Satire - what a wonderful rhetorical device!  So cutting edge, so avaunt guard, so...offensive.

Well, you could play it safe when teaching satire, but what is the fun of that?  If you really want to spice up that "A Modest Proposal" lesson, you'll need to hit students where they are today.  Six months ago, Stephen Colbert gave us the best example of satire since 1729:

Now - here's the tricky part - when you show this video, start at 4:50 to isolate the topic of the Redskins and at 6:27 you may wish to mute the rest (hey, we're hard core, but we still want to keep our jobs).  Once the Ching-Chong character clip is over, turn back up the volume.

Well, satire is offensive, and just like people in Swift's day felt that it was offensive to suggest they eat babies, Twitter responded with the outrage for this clip.  Here is the tweet that the Colbert show had that started the craze:

Without the context, some people really got angry and started the #CancelColbert trend on Twitter.

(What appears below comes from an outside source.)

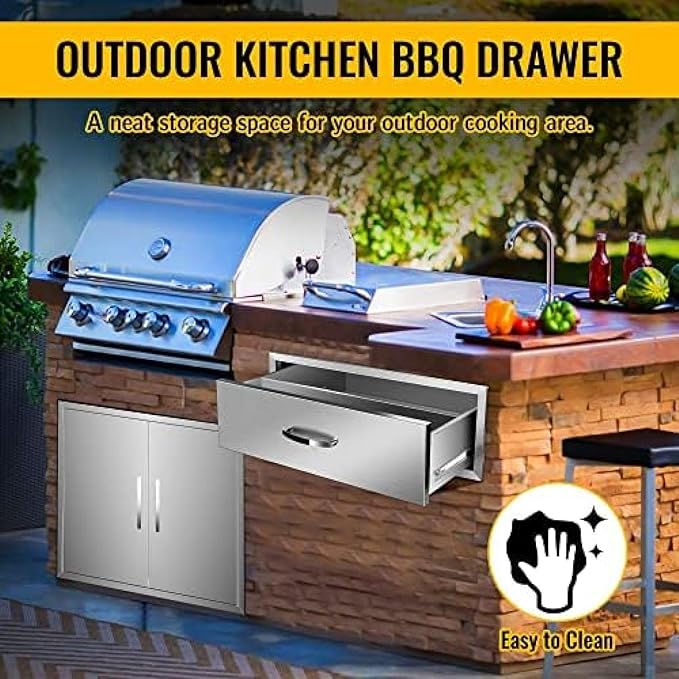BBQ Outdoor Kitchen Drawers Stainless Steel 3-Drawer BBQ Drawer Enclosed Built-in Drawer Flush Mount for Outdoor Kitchens & BBQ Islands,30Wx23Dx10H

Not to sit it out over the weekend, Stephen joined in with the outrage:

So, use this to lead your students into making the connection how he makes people find this racist in order to make his point about the Redskins - just like Swift made the British recoil at eating human beings just so he could turn around and say, "Oh, well, if we are to treat them as fellow human beings, why are we treating them like animals in every other instance."